Ein fiktiver Brief: Werter Herr Verleger …

Nr. 19 –

Mit oder ohne Preisbindung: Die Krise in der Verlagsbranche zeigt sich auch im Verschwinden der Lektorate. Mit fatalen Folgen für AutorInnen. Fiktiver Brief eines Autors an einen Verleger – vor durchaus realem Hintergrund.

Ihre unmissverständliche Antwort auf meine Anfrage, wann ein Platz im Verlagsprogramm für meinen neuen Gedichtband frei sei, hat mich dann doch überrascht. Vielleicht bin ich immer noch nicht ganz im knallharten Business unserer Tage angekommen. Wenigstens weiss ich nun, woran ich bin: dass Sie mit mir, dem wenig verkaufsträchtigen Autor, nicht weiter planen, dass ich ohne Verlag bin. Wieder einmal, zum dritten oder vierten Mal in meinem Autorenleben.

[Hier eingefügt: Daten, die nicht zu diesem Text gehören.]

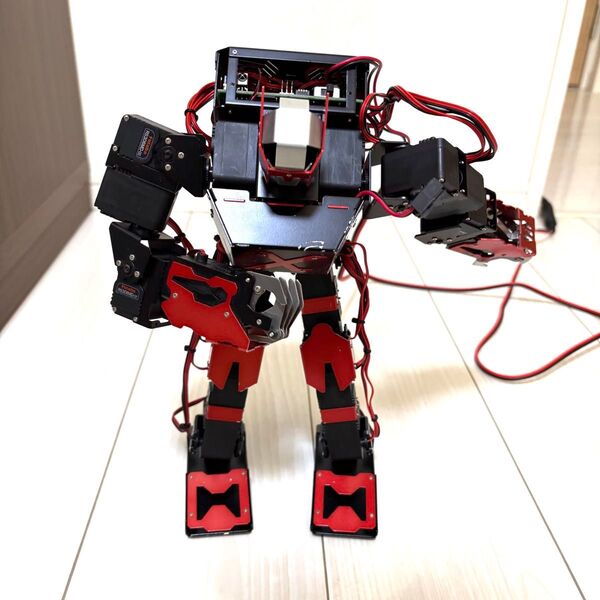 【希少】【起動確認済み】ロボゼロ ROBO XERO ディアゴスティーニ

Wenn ich nun von der für Veranstaltungen zuständigen Person im Verlag nach Erscheinen meines Gedichtbands achtzehn Monate lang trotz wiederholter Zubringerarbeiten nichts mehr höre, dann finde ich schon, dass da die Unterstützung des Verlags fehlt, zumal bei einem Gedichtband, der viel mehr noch als Prosa auf Hilfe angewiesen ist. Bei so viel Outsourcing, bei dermassen knapp bemessenen Stellendeputaten kommen zumindest die Autoren unter die Räder, deren Bücher sich nicht mehr oder weniger von alleine verkaufen. Darauf genau, dass sich Bücher von alleine verkaufen, weil ihre Autoren ein trendiges Thema besetzen oder ein regionales oder einfach mehr Glück haben als andere, scheint Ihre Geschäftspolitik hinauszulaufen.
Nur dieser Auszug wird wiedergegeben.